Kamis, 14 Maret
Mungkin gue agak mengerti
alasan Sang Cici Tua memilih untuk single. Gue berpikir, mungkin
alasan dirinya memilih untuk tidak dulu mencari seorang pasangan
adalah dia sudah terlalu mapan, jadinya ya.. dia gak terlalu butuh
yang namanya seorang pria. Namun, di sisi lain ini argumen gue untuk
dia. Semenjak ayahnya meninggal, gue rasa pun dia sangat butuh kasih
sayang seorang ayah sebagaimana ia pernah dapat dulu, pun argumen gue
semakin kuat ketika gue akan berkata bahwa dia membutuhkan kasih
sayang seorang pria yang juga memiliki kasih sayang seorang ayah, dan
selama ini dia belum menemukan kasih sayang ayah yang dimiliki oleh
pria-pria yang ia temui dalam hidupnya.
Beda dengan gue, alasan
karena gue memilih single karena gue menyukai kesendirian dan
kehampaan. Itu SEMUA menginspirasi gue untuk berkarya, baik musik,
maupun puisi. Gue menyukai kesendirian dan kehampaan ini, karena
disisi lain gue merasa tertekan sekaligus terkadang bangga akan diri
gue, seakan gue berteriak “AKU MAKHLUK PALING SENDIRI DI DUNIA INI!
DAN AKU BANGGA.”
Orang -orang tidak bisa
membaca pikiran orang lain, itu adalah BETUL, BENAR. Tapi, kan mereka
bisa baca dari gerak tubuh orang lain / body language. Tapi,
bagaimana dengan gue, orang-orang bisa salah persepsi tentang semua
body language gue. Karena memang gue ini poker face dan poker body.
Gue gak pernah berpikiran sekalipun ketika gue terdiam merenung, gue
akan bergerak seolah-olah gue bosan boring. Ada kalanya gue bertindak
seperti orang yang kesurupan dan ada kalanya gue bertindak seperti
rumput yang tumbuh di pekarangan , bergerak jika hanya ada angin.
Bisa dibilang pun gue
memiliki dua kepribadian yang sangat berbeda, bak kutub utara dan
selatan.
Alasan lain gue suka dengan
status gue ini adalah, gue menyukai sesuatu yang berbau keheningan,
kesendirian, dan alam.

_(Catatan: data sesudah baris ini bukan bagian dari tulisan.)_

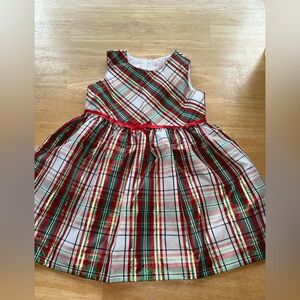 Bonnie baby holiday dress girls 24 months plaid  red white gold
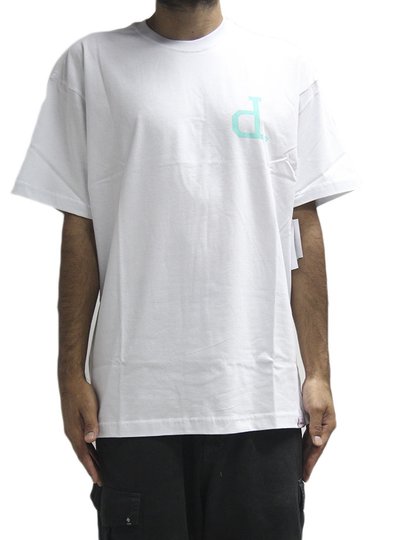 Camiseta Masculina Diamond Polo Script Manga Curta Estampada - Branco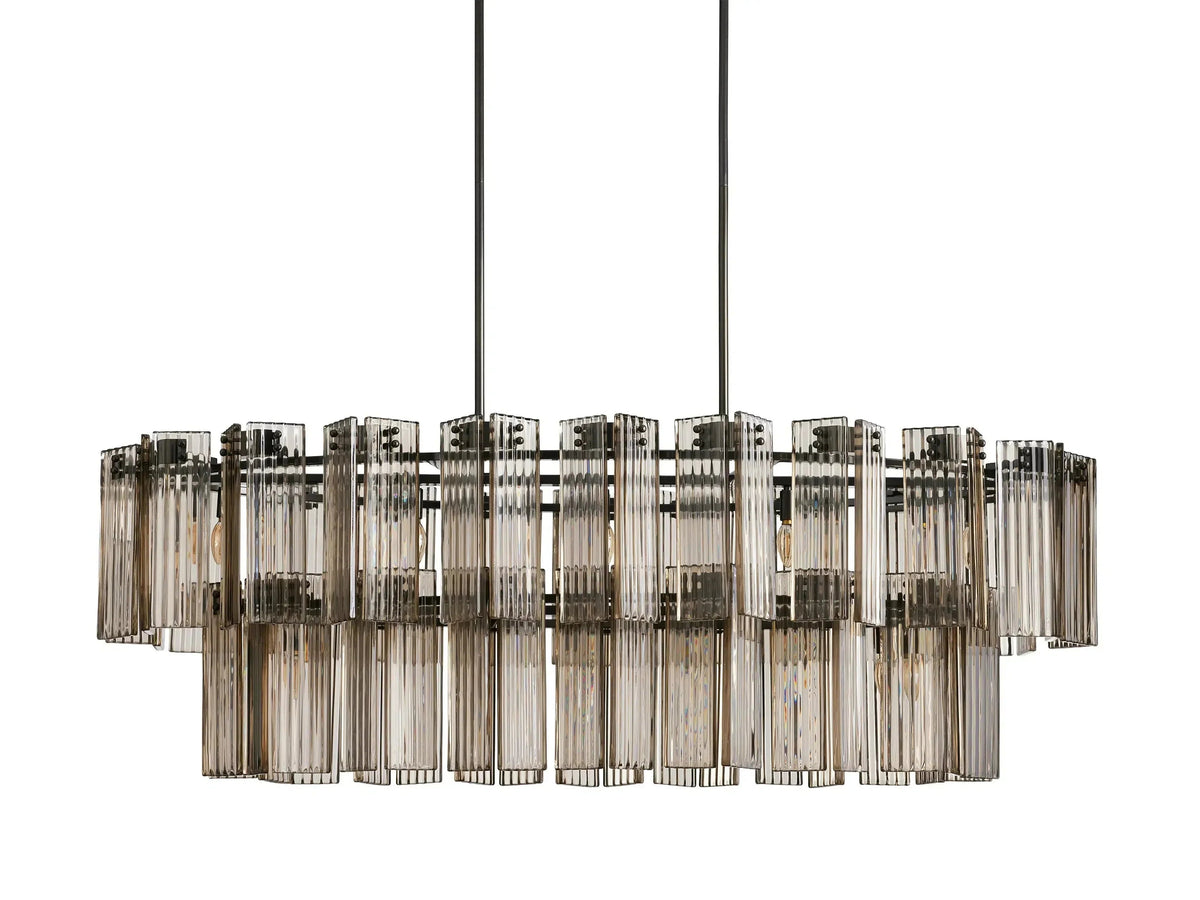 Delsie Oval Art Glass Chandelier 51''63''72''L - view 32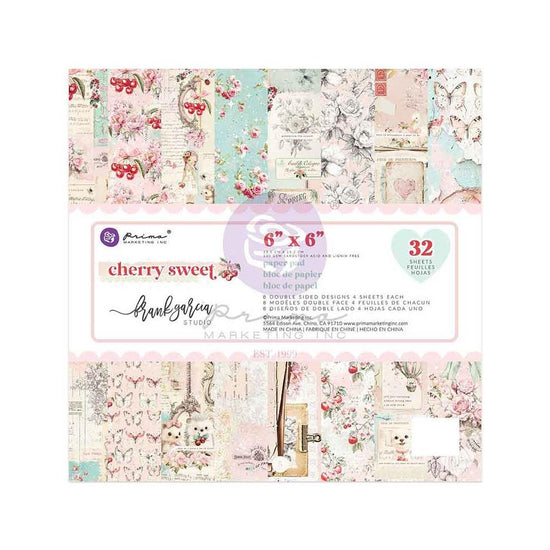 Prima Marketing Double-Sided Paper Pad 6"X6" 24/Pkg Cherry Sweet By Frank Garcia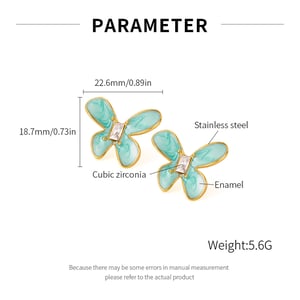 1 Paar Simple Series Daily Animal Edelstahl Goldfarben Damen Ohrstecker h5 Bild7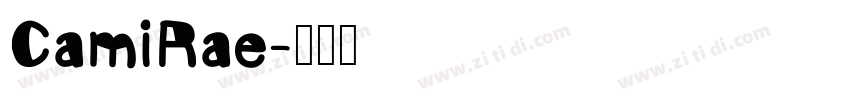 CamiRae字体转换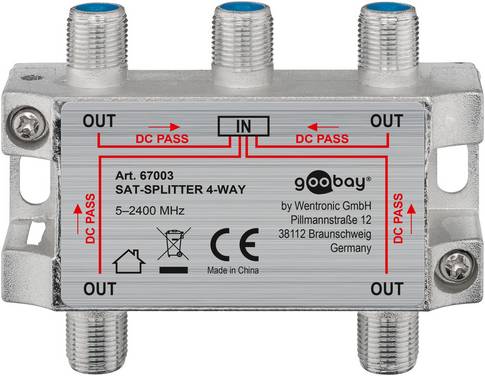 Goobay SAT Distributor, 4-way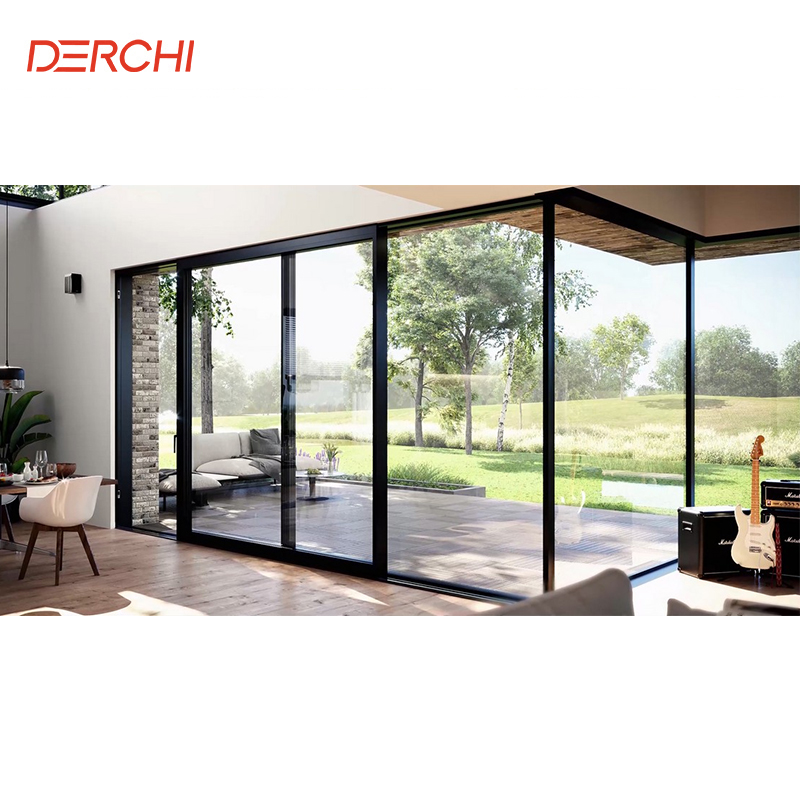 Soundproof Energy Saving Aluminium Sliding Door Price Tempered Glass Patio Glass Sliding Door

Gue selalu terhenti pada jalan-jalan gue
ketika gue melewati sebuah padang rumput besar, dengan awan yang
berkumpul jadi satu balon besar di atas, sementara matahari tidak
bersinar dengan begitu teriknya. Gue selalu, terhenyak oleh suasana
ketika gue melihat sebuah air terjun besar, dan kejatuhannya dari
ketinggian, air-air yang mengikuti alirannya, atau terkadang gue blok
disana-sini.
Terkadang gue sadar betul
dan tahu, mungkin gue akan seperti dia. Sang Cici Tua, gue akan
eksplor dunia gue sendiri, mencari kemapanan dalam hidup dan menjadi
Tua tanpa pasangan hidup.
Gue sekali lagi merasa, ini
adalah tantangan yang sangat berarti.
Kadang pun gue merasa,
ketika gue hampir lulus kuliah, dan sebentar lagi pergi meninggalkan
dunia Sekolah Tinggi. Pergi berlayar ke dunia kerja sampai mapan. Di
sela-sela itu menikah dan punya anak. SUNGGUH MEMBOSANKAN! Menjalani
lagi hidup gue sama seperti bokap ketemu nyokap – bokap nikah sama
nyokap – punya anak seperti gue. Dan hidup selalu cycling seperti
itu.
Hmph! Lagi-lagi gue harus
seperti itu. Hidup ini terlalu membosankan ketika lu tidak bisa
mencari jalan indah nan kilau yang lu temui dalam eksplorasi lu di
dunia ini. Justru apa yang lu hadapi kebanyakan adalah tembok-tembok
besar tak berujung, tongkat-tongkat tinggi tak lancip. Entah kemana
perginya, lu selalu mengikuti arus kehidupan, selalu mengikuti cycle
yang berjalan. Kenapa gak sekalipun lu ngubah arus lu, lawan arus dan
lihat hasilnya. Dan itu yang akan gue lakukan.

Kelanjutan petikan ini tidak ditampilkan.